Purchasing a microphone is an investment and if you are looking for your first microphone, you should look for a microphone that is versatile in almost any applications. A microphone that will work well with acoustical guitar, vocal, piano (mono, yes it is possible) and even drum set (room miking and you could get a decent sound with adequate technique and room). Your first microphone will be the "Swiss army knife" for almost any recording and you will probably do multi-track recording, or if you are feeling adventurous, a one take recording with all the artists crowding around the microphone (one mic technique).

With such requirements, your first microphone I would recommend would be a large diaphragm condenser microphone. A large diaphragm condenser microphone has a few key characteristics that will justify the initial purchase, namely, flat frequency response, high dynamic sensitivity and good transient response. A dynamic microphone (e.g. Shure Beta 58A) works very differently as compared to a condenser microphone (e.g. AKG C451B). A dynamic microphone utilises a magnetic moving coil transducer whereas a condenser microphone operates with a conductive electroplate to pick up acoustical energy. The differences in the design result in these two types of microphones to have different attributes and applications.

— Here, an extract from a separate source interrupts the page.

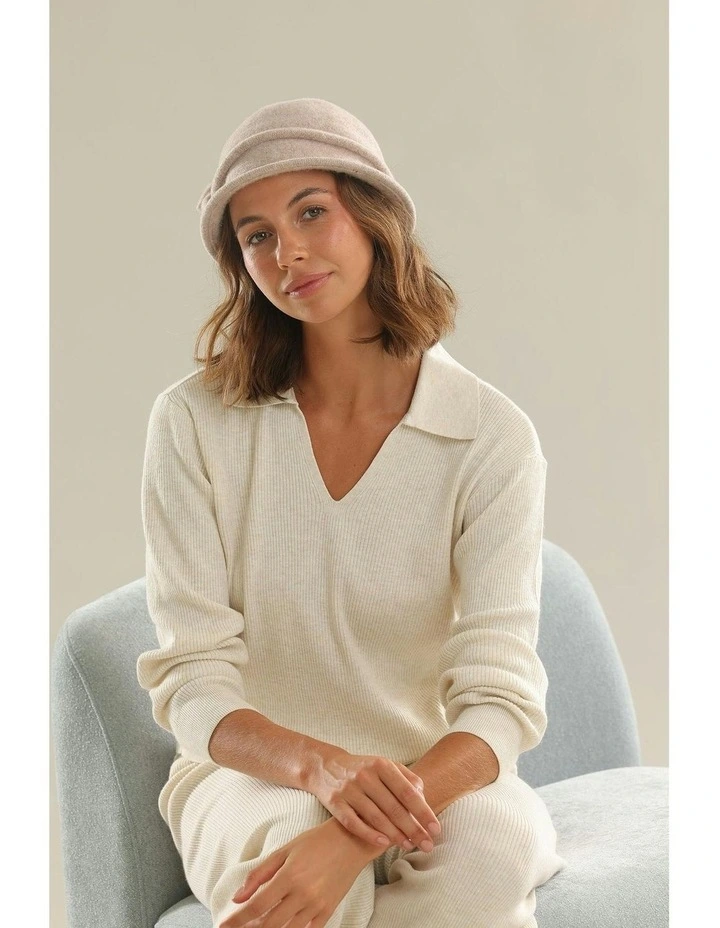 Joy Woolen Pull On Hat in Sand image 3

Condenser microphones are known to have a better flatter frequency response as compared to the dynamic counterpart. This allows the microphone to have a better representation of the acoustical pickup the microphone is capturing, thus, allow the microphone to be more flexible in many applications (e.g. a piano has a wide range of frequency characteristics, low to high note).

Due to the type of transducer used, a capsule of a condenser microphone can be exponentially lighter as compared to a dynamic microphone. This is a straightforward comparison, as the magnet will easily outweigh the conductive plates used in a condenser transducer. With its lightweight transducer characteristics, a condenser microphone does require as many acoustical energies to push the conductive plates in order to convert acoustical energies into electrical signals. This allows the condenser microphone to be better suited in soft dynamic pick up (e.g. clarinet playing in pianissimo) while retaining the ability to record louder dynamic source (e.g. guitar cabinets, lower gain structure).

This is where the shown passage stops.